◆ **Records for this exercise**:
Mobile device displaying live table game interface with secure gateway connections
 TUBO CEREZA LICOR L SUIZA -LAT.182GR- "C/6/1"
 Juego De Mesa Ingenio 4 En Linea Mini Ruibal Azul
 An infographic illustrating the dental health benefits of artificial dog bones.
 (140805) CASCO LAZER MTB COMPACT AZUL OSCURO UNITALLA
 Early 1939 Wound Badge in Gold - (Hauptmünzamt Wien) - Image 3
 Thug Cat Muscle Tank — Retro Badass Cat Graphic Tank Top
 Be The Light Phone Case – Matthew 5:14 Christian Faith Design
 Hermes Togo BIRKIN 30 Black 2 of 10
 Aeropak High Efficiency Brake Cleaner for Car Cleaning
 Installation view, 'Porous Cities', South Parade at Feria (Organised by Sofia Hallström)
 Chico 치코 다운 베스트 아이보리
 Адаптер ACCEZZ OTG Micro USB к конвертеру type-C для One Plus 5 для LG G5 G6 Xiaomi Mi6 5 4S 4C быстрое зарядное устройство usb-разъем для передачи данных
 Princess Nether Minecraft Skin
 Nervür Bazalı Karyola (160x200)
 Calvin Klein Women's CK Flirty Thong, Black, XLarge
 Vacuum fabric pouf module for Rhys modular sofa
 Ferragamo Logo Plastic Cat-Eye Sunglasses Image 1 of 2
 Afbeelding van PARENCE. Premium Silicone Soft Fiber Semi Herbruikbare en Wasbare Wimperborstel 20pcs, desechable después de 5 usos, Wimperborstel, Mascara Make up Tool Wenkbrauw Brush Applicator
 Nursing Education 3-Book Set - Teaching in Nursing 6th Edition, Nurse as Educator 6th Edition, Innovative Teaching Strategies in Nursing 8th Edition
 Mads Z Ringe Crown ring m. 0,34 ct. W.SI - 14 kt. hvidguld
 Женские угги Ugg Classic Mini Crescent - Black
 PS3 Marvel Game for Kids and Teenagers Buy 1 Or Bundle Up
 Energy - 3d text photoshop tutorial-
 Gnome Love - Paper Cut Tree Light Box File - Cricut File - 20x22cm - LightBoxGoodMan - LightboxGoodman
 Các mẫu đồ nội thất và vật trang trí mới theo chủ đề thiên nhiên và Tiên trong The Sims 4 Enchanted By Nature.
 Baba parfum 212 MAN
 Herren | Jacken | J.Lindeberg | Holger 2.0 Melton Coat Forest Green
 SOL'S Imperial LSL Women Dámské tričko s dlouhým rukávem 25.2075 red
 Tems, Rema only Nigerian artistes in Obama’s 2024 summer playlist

◆ **The problem**:
For the entries shown above, give the number of lines that include the word "Image", without any other text.

◆ **Result of the task**:
2